▶ [EXERCISE]
Set the whole listing down again, word for word, with no pictures.

▶ [GIVEN INFORMATION]
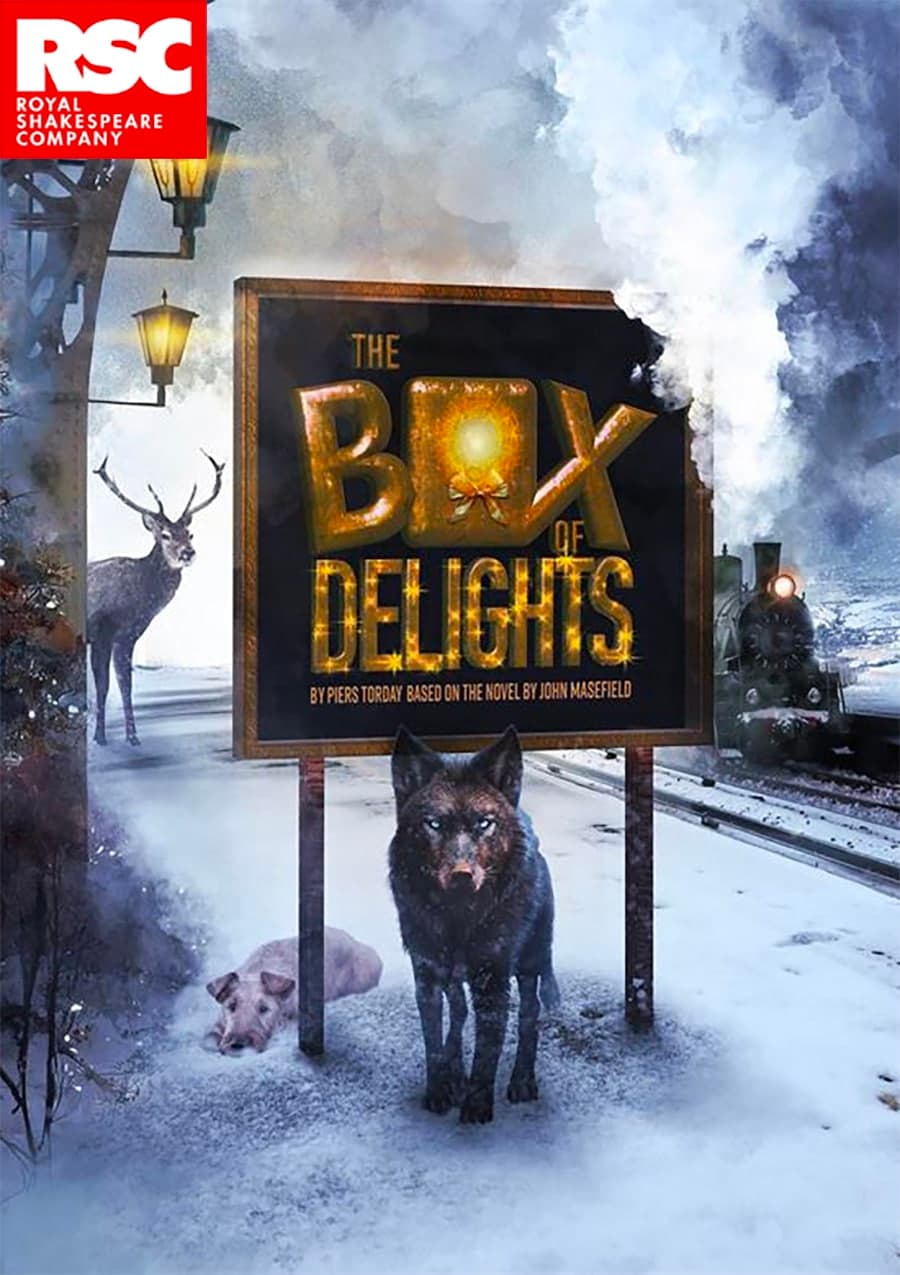 The Box of Delights
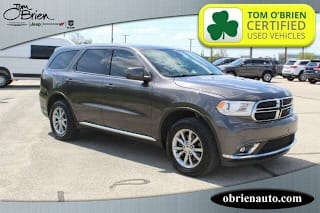 2018 Dodge Durango SXT 1C4RDJAG4JC315722 2018 Dodge Durango SXT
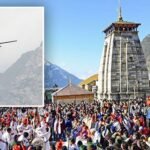 Badrinath Helicopter Accident: बद्रीनाथहून फाटाकडे जाणाऱ्या हेलिकॉप्टरचा संपर्क तुटला सहा जणांचा समावेश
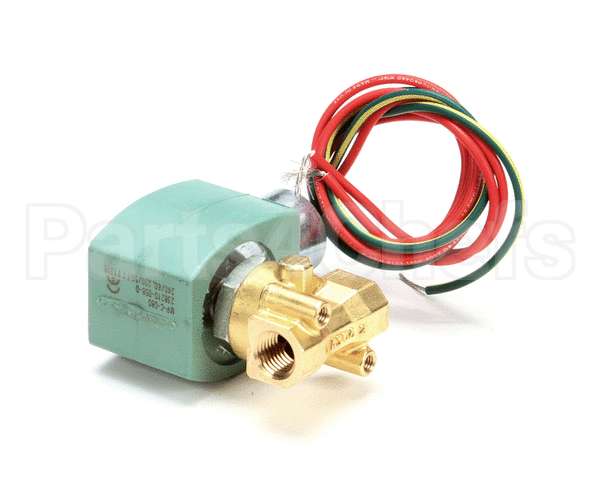 1181553 Southbend Range Valve, Solenoid, 1/4, 240Vac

▶ [OUTPUT OF THE TASK]
 The Box of Delights
 2018 Dodge Durango SXT 1C4RDJAG4JC315722 2018 Dodge Durango SXT
 Badrinath Helicopter Accident: बद्रीनाथहून फाटाकडे जाणाऱ्या हेलिकॉप्टरचा संपर्क तुटला सहा जणांचा समावेश
 1181553 Southbend Range Valve, Solenoid, 1/4, 240Vac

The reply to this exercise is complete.